With Struts, J2EE developers no longer have to worry about building the MVC design pattern "plumbing" in every project; rather, they can focus on applying their creative thinking to the presentation layer of the business application itself. Struts—and frameworks in general—bring other benefits too: reduced training costs, faster project delivery, and consistency across application implementations.

One can work across a standard J2EE architecture and find representative frameworks implementing design patterns in each tier. For example, Web-tier frameworks such as Apache Struts are easily combined with business-tier frameworks such as Business Components for Java (BC4J), to write entire applications.

There are many options in the data tier. For instance, BC4J provides a highly scalable implementation of the data access object pattern for persistence. Such business-tier frameworks are also frequently paired with persistence layers such as Oracle9iAS TopLink that help developers map general-purpose business-domain models to data stores such as relational databases.

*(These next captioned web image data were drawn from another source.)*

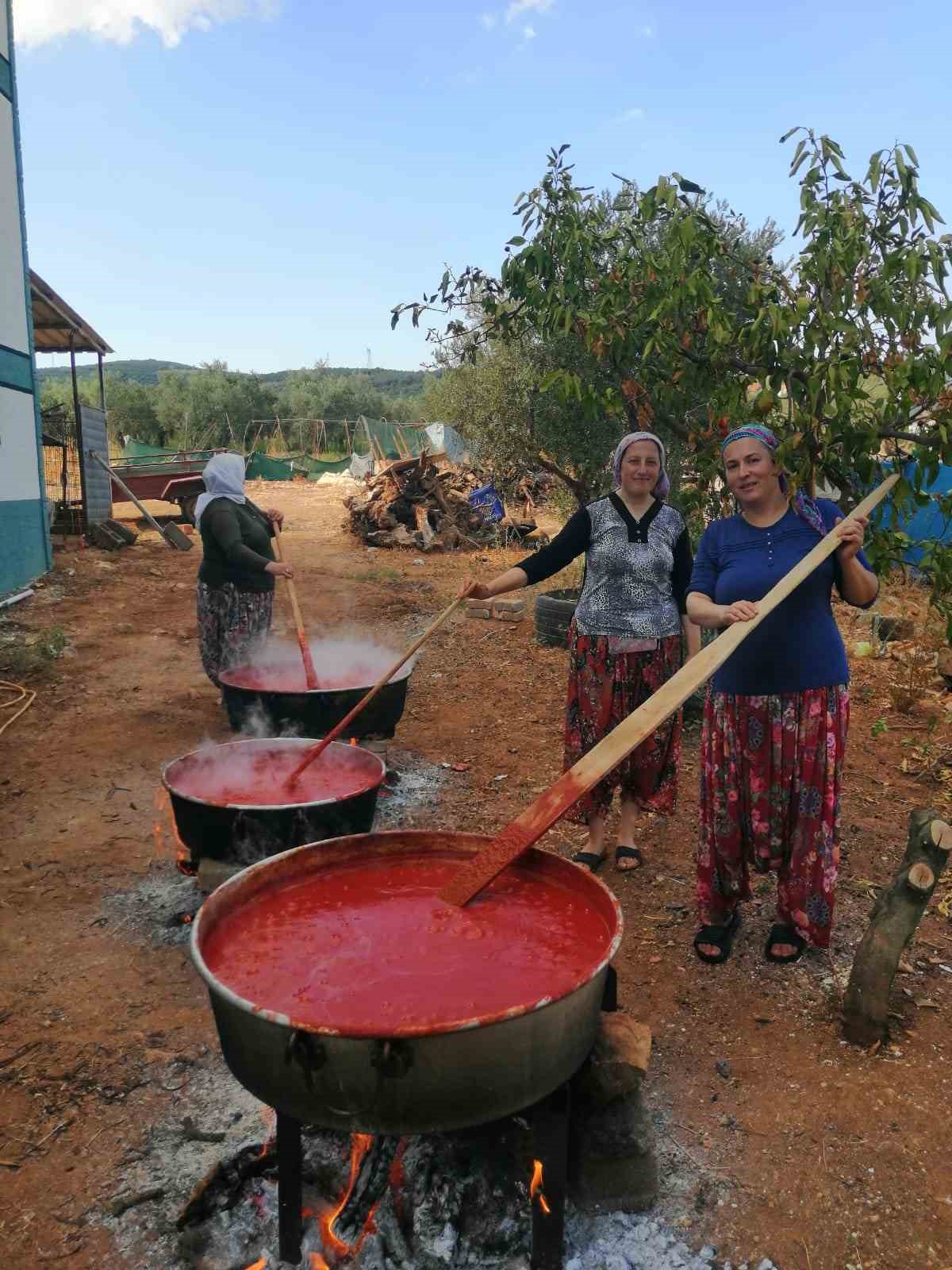 Kışlık salçalar kaynamaya başladı
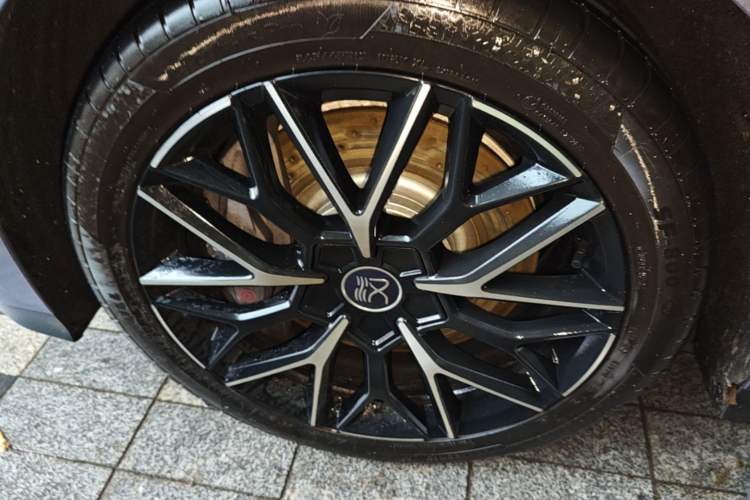 Used BYD Han 2024 EV Glory Edition 610 km All-Wheel Drive "Tian Shen Zhi Jia" Intelligent Driving Model Left Front Wheel Hub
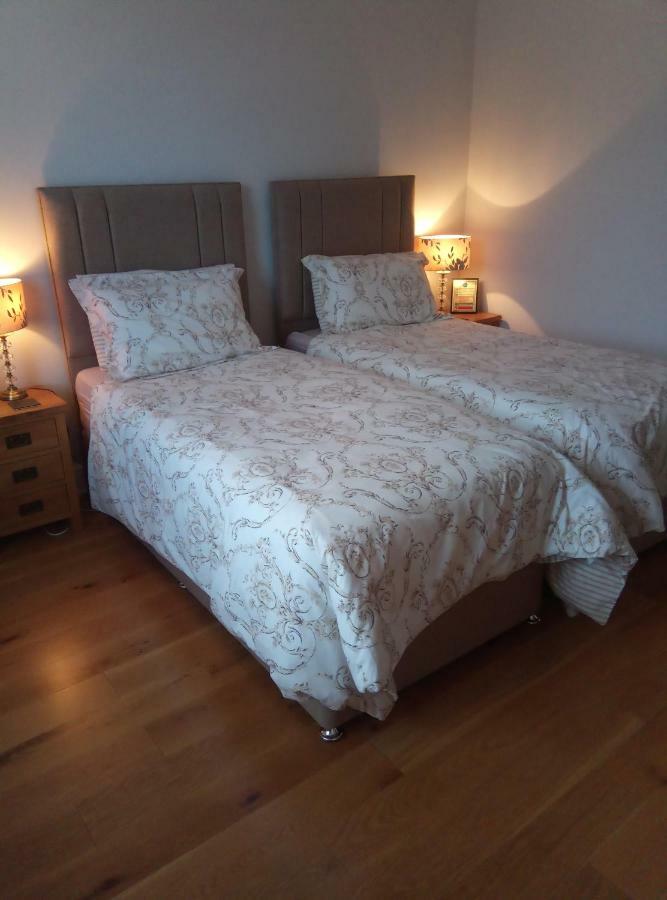 Laurels Bed and Breakfast Oswestry Exteriör bild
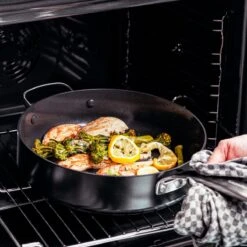 GreenPan Copenhagen Stoofpan Met Deksel En Extra Handvat 28cm/4.3L 29 GreenPan Copenhagen Stoofpan Met Deksel En Extra Handvat 28cm/4.3L -Kookgerei Koning Verkoop 1200x1200 5231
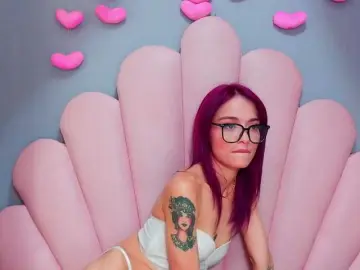 Bongacams Watch Live Sex Cams of LUCYMILLER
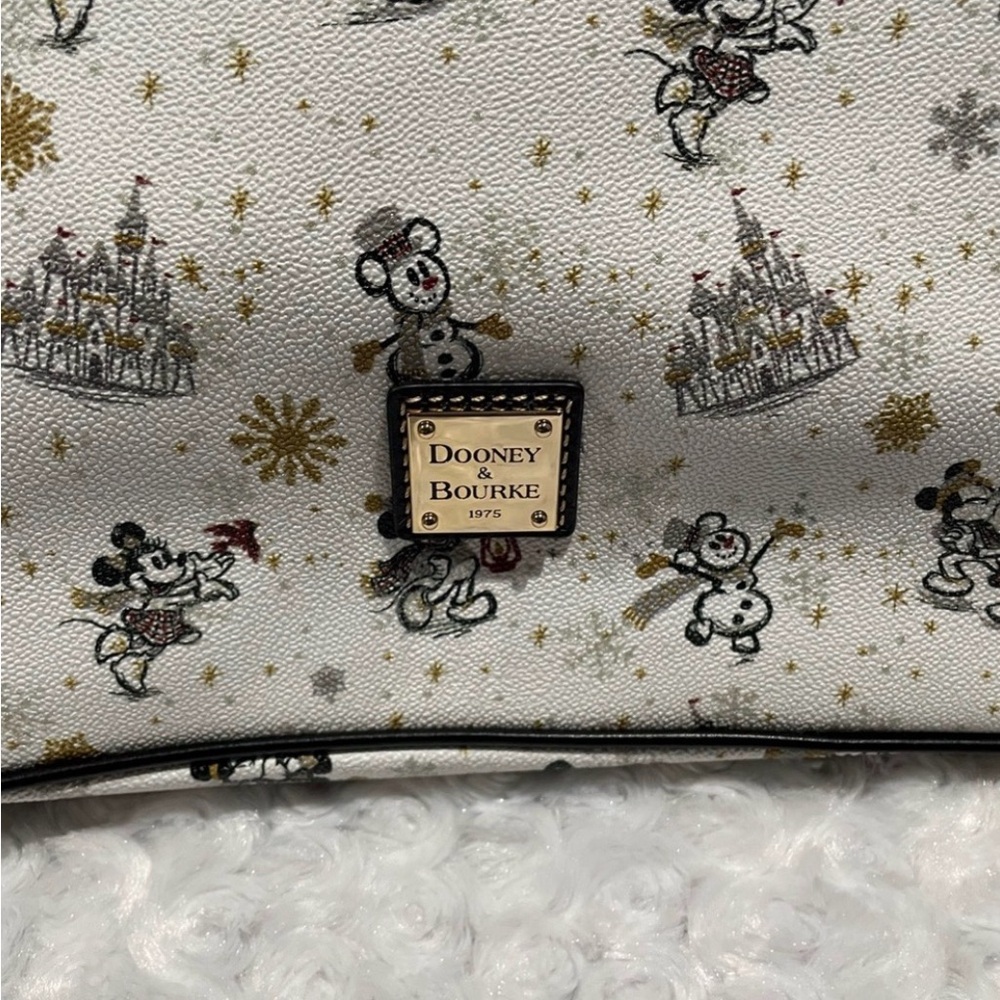 White Christmas Dooney & Bourke NWT - Picture 5 of 6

Frameworks such as Apache Struts and BC4J represent a growing trend in the framework world: implement a set of J2EE Design Patterns and ensure the framework is open and flexible enough to easily plug into other popular frameworks. The goal is to give J2EE developers choice and productivity at the same time.

Making Choices

In the open source and commercial space, dozens of frameworks are emerging. Logical questions follow. What makes a successful framework? How does a developer choose the right framework? Which ones will survive?

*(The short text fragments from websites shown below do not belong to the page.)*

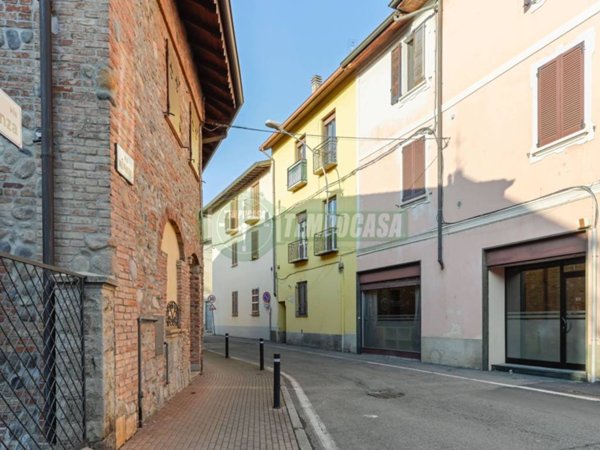 appartamento in vendita a Mezzago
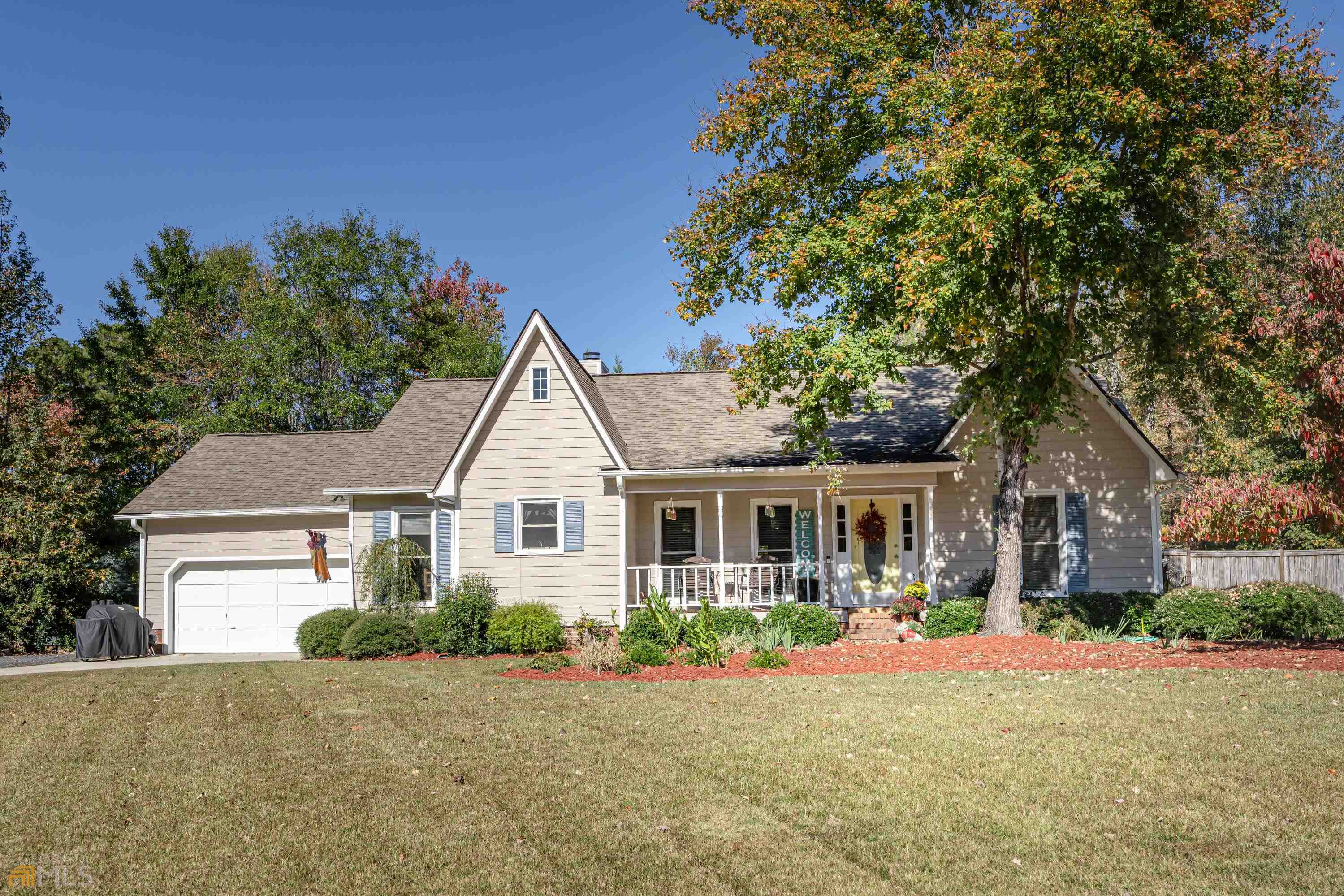6 Mountain Chase Road Southwest Rome, GA 30165 - Photo 1 of 1 front view of a house with a yard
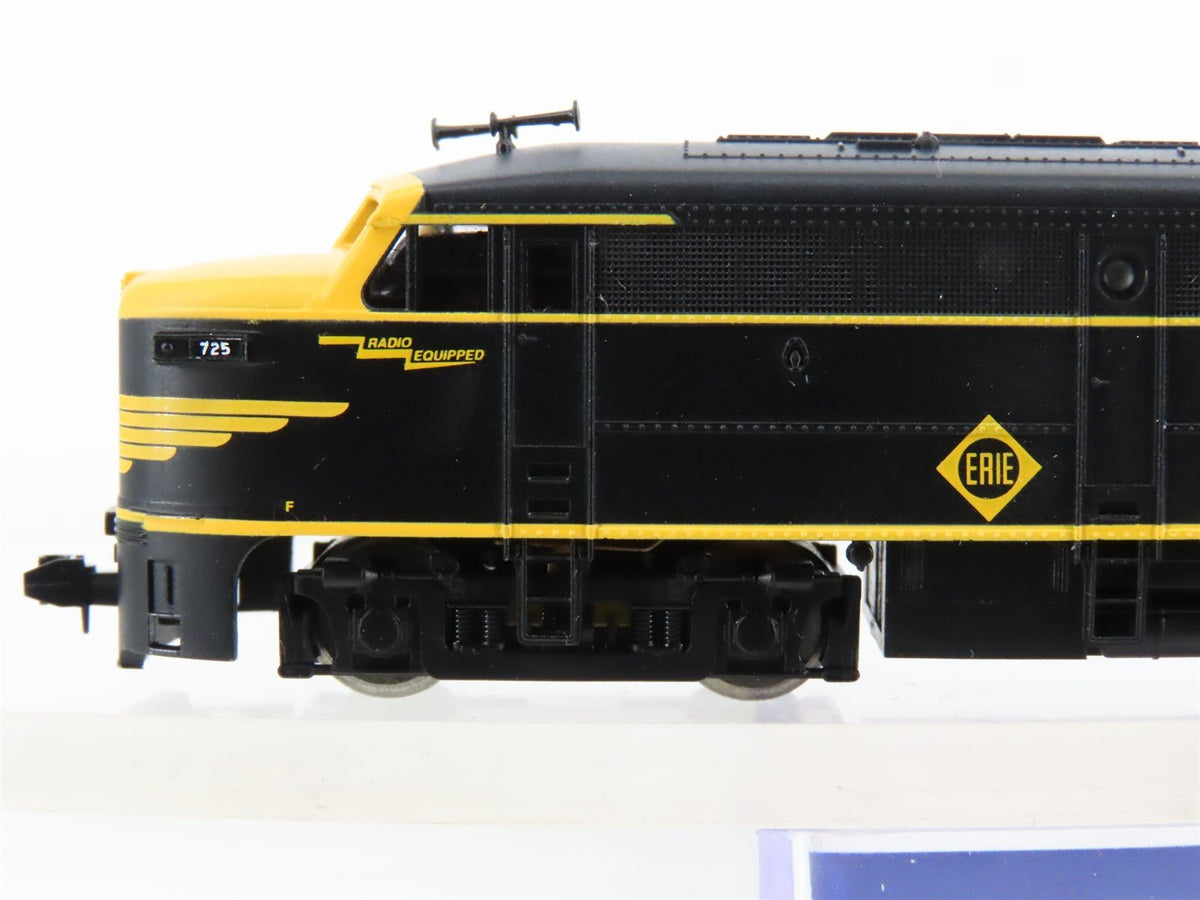 N Scale Life-Like 7415 Erie FA1 Diesel Locomotive #725A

One answer is that the surviving, widely adopted frameworks will likely be those that cleanly and elegantly solve architectural problems and significantly increase productivity over straight programming. Leading J2EE frameworks will be judged on quality of implementation, maturity, usability, cost, performance, and reliability.

As the core J2EE specifications evolve to incorporate framework features, the J2EE containers will provide developers with best practices and design consistency already built in. When this happens, developers will focus their selection criteria on the second major area frameworks tend to feature: productivity and ease of use for developers.

Open source Java Frameworks

Below is the list of some popular frameworks in the open source space.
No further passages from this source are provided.